Web page caption snippets
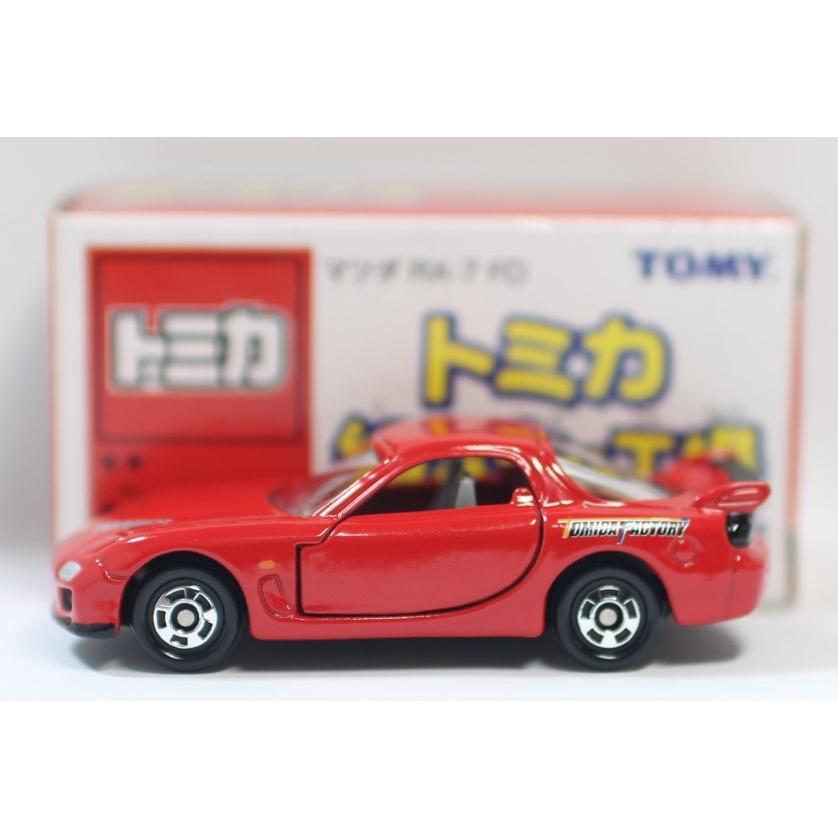 USED トミカ 組み立て工場 第15弾 マツダ RX-7 FD 2006 240001007199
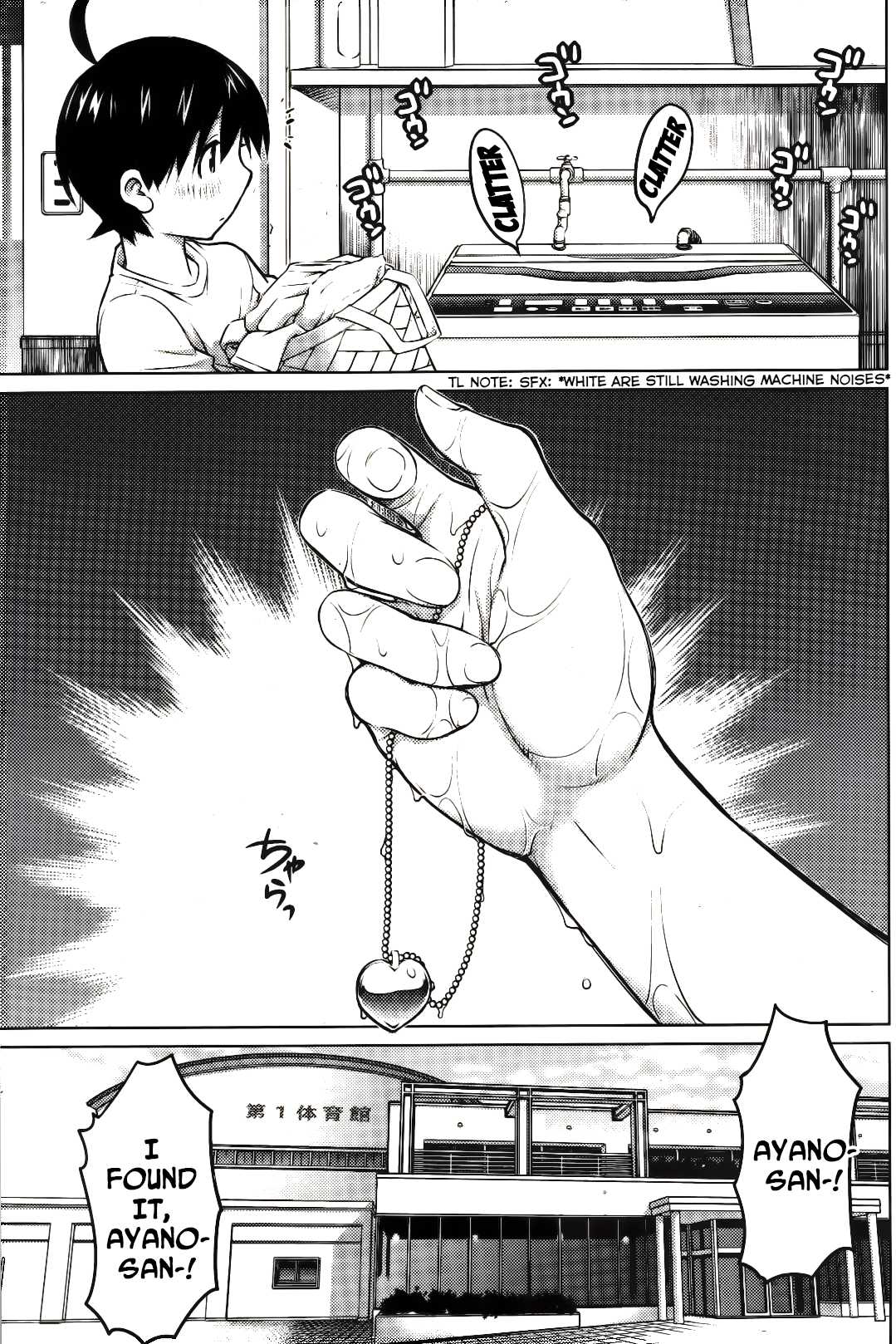 Ookii Onnanoko wa Daisuki Desu ka? Chapter 10 page 13 - Chapter 10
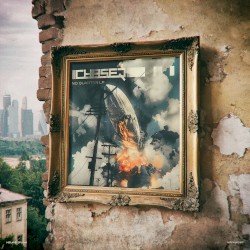 No Quarter LP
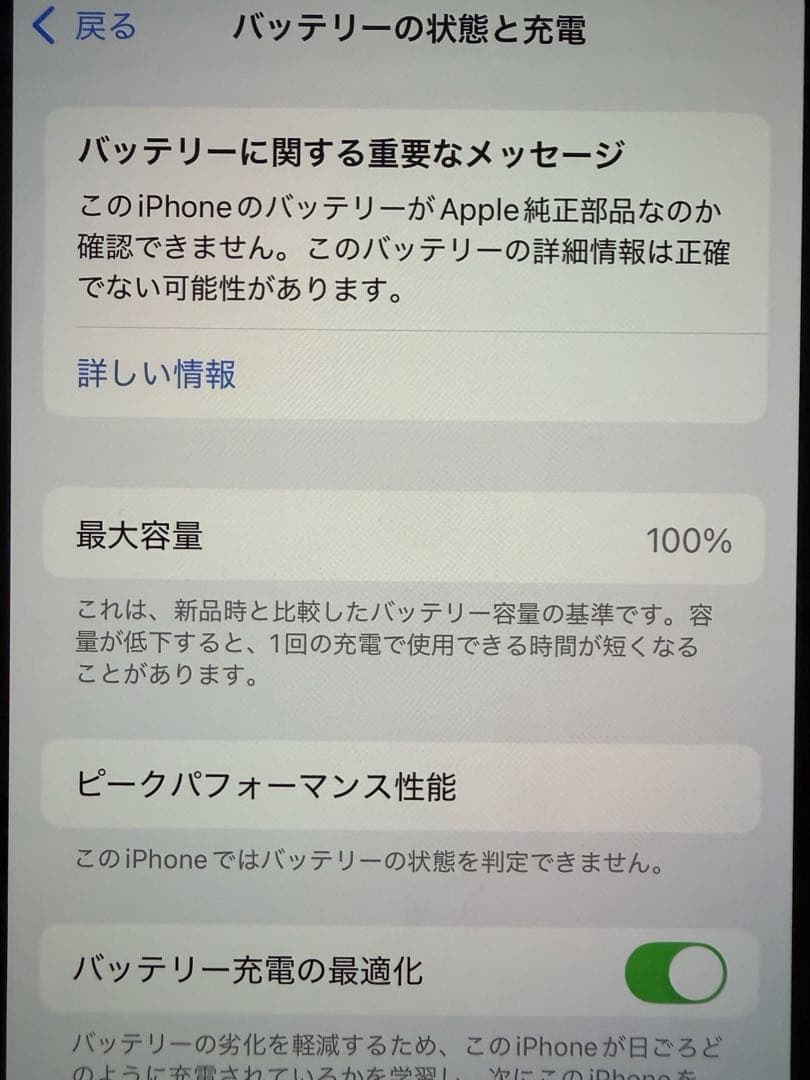 iPhone12 Pro シルバー　ジャンク品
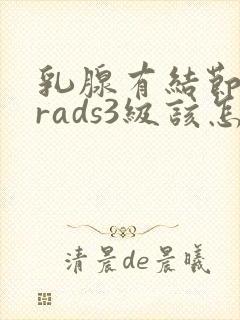 乳腺有结节b1rads3级该怎么办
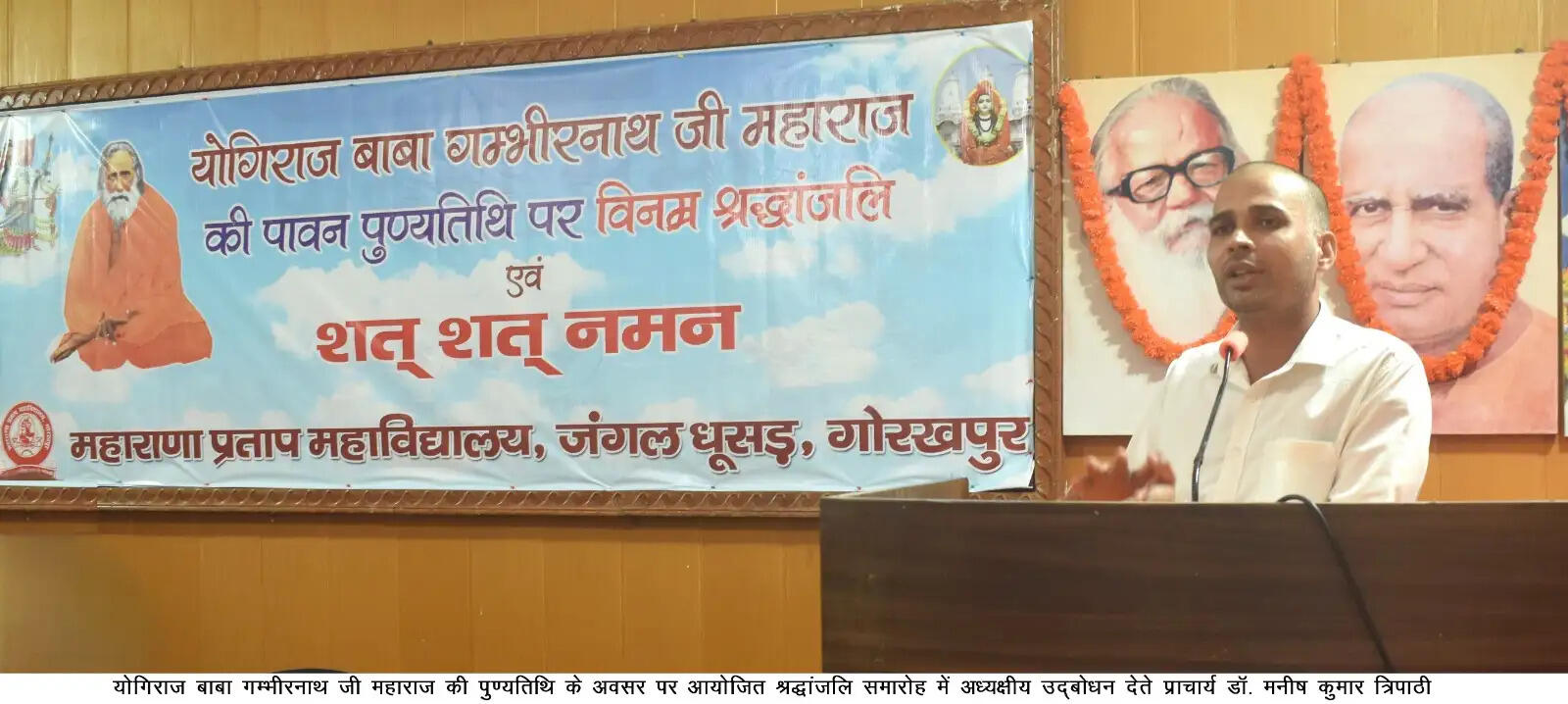 बाबा गंभीरनाथ का जीवन आत्मानुशासन, साधना और लोककल्याण की प्रेरणा : प्रो. ईश्वर शरण विश्वकर्मा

### TO DO:
When you transcribe the lines above, keep every word exact but leave the pictures behind.

### WRITTEN ANSWER:
 USED トミカ 組み立て工場 第15弾 マツダ RX-7 FD 2006 240001007199
 Ookii Onnanoko wa Daisuki Desu ka? Chapter 10 page 13 - Chapter 10
 No Quarter LP
 iPhone12 Pro シルバー　ジャンク品
 乳腺有结节b1rads3级该怎么办
 बाबा गंभीरनाथ का जीवन आत्मानुशासन, साधना और लोककल्याण की प्रेरणा : प्रो. ईश्वर शरण विश्वकर्मा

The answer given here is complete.